Monkshood has a long tradition as a deadly plant and was used by ancient warriors to poison the water of their enemies. It was once used as a popular werewolf-detection tool. The flower was held near the alleged wolf’s chin, and if a yellow-tinged shadow appeared, that was confirmation that the person was a werewolf.

Angel's trumpet
Angel's trumpets are woody-stemmed bushes with pendulous flowers that hang like bells. They are prized as decorative additions to the garden because of their elegant flowers. The catch is that all parts of these plants contain dangerous levels of poison and may be fatal if ingested by humans or animals. Angel's trumpets have occasionally been used to create a recreation drug, but the risk of overdose is so high that these uses often have deadly consequences.

Castor beans
If you have consumed castor oil before, you might be surprised to learn that castor beans contain one of the most poisonous substances in the world, ricin. Just one castor bean has enough ricin to kill an adult within a few minutes. Despite this grim quality, castor bean plants are frequently grown for decorative purposes.

Doll's Eye
It's a good thing the creepy-looking berries of this plant aren't enticing, because consuming the fruit of a doll's eye plant (or white baneberry) could kill you. The berries contain cardiogenic toxins that can have an immediate sedative effect on cardiac muscle tissue. Ingestion of the berries can lead to cardiac arrest and death.
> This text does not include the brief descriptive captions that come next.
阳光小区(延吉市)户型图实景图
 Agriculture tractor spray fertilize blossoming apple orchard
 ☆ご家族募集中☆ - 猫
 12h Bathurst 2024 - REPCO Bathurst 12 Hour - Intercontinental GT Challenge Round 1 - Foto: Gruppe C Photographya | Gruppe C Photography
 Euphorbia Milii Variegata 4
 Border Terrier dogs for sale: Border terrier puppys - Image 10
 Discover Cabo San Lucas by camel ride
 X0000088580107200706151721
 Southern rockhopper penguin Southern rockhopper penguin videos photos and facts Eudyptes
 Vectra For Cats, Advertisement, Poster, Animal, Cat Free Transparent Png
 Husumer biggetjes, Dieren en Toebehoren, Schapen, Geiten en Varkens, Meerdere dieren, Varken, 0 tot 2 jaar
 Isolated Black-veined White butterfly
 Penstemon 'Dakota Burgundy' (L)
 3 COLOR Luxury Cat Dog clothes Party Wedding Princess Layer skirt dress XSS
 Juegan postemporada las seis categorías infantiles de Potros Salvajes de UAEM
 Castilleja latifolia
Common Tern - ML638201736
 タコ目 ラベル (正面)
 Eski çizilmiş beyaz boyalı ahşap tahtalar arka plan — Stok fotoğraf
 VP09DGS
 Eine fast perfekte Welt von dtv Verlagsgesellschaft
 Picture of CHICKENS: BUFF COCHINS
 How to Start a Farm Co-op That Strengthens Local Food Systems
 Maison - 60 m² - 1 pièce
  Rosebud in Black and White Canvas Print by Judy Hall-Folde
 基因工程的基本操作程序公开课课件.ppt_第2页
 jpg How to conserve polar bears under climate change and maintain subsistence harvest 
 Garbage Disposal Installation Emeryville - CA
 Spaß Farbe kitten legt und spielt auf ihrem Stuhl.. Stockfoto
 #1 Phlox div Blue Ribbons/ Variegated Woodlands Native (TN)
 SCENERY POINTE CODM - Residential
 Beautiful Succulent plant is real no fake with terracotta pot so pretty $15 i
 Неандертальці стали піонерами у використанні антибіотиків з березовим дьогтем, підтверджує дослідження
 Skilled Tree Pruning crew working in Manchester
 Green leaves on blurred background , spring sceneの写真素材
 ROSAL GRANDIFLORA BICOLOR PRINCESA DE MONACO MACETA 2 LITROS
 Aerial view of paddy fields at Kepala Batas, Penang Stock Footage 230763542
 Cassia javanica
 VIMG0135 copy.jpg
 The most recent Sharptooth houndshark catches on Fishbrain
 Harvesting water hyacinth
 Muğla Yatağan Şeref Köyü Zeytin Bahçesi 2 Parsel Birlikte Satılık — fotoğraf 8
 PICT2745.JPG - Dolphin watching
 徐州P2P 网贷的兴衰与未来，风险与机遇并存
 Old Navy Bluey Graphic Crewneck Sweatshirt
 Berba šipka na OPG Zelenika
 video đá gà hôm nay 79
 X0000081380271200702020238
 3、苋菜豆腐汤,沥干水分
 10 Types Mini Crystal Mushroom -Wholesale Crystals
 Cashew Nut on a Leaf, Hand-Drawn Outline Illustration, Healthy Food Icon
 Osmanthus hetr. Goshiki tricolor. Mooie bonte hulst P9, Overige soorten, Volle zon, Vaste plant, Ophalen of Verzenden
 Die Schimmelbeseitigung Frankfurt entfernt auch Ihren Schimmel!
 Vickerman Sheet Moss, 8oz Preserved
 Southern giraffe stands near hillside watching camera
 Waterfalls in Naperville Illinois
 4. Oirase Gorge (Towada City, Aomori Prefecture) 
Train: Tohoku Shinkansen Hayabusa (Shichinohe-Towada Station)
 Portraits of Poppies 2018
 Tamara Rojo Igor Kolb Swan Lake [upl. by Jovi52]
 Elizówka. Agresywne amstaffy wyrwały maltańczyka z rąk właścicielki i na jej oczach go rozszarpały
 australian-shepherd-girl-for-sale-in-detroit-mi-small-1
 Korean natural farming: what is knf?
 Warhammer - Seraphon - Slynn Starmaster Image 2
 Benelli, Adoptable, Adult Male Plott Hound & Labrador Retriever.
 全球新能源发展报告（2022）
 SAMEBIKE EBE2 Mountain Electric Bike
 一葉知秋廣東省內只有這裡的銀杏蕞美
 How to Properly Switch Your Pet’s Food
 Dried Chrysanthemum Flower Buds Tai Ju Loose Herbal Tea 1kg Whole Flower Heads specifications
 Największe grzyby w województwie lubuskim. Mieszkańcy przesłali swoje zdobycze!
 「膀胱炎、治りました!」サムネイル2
This is one of the most famous poisonous plants in history — it's the flora responsible for killing Socrates. All parts of the plant contain the relatively simple alkaloid coniine which causes stomach pains, vomiting and progressive paralysis of the central nervous system. Hemlock is also known by several common names, including devil's porridge, beaver poison or poison parsley.

Stinging tree
Found in forests in Queensland in Australia and Indonesia, Dendrocnide moroides is the deadliest and most potent stinging nettle in the world. Accidentally brushing past any part of this plant can deliver a potent toxin that will cause a painful stinging sensation lasting for days or even months. A severe sting from this plant has been known to kill humans, and it is certainly deadly to pigs, horses, dogs and most other animals.

Deadly nightshade
The name says it all — both the foliage and the berries of this plant are extremely toxic. Deadly nightshade has a long, colorful history of use as a poison, but what many people don't realize is that the nightshade family includes common food plants, including potatoes, tomatoes, eggplants and chili peppers. In fact, all of these plants contain toxins — usually in their foliage — that can be harmful. In particular, humans and pets should avoid potato and tomato foliage and vines in the garden.

European yew
Relatively common in Europe, northwest Africa and the Middle East, nearly all parts of this slow-growing tree can be poisonous. The exception is the red fleshy aril that surrounds the toxic seeds. The aril is frequently eaten by birds. Some people have chosen to commit suicide by ingesting the leaves or the seeds, both of which contain a poison called taxanes.

Prized for their beauty, daffodils grow from bulbs that could be mistaken for an edible food, like an onion. Daffodils — also known by their Latin name Narcissus — are common ornamental plants with a bright, cheery and mostly toxin-free flower. Most daffodils are deer- and vermin-resistant, but gardeners shouldn't overlook the dark side of this plant. The Greek philosopher Socrates sometimes referred to daffodils as the "Chaplet of the infernal Gods" because of the plant's numbing effect.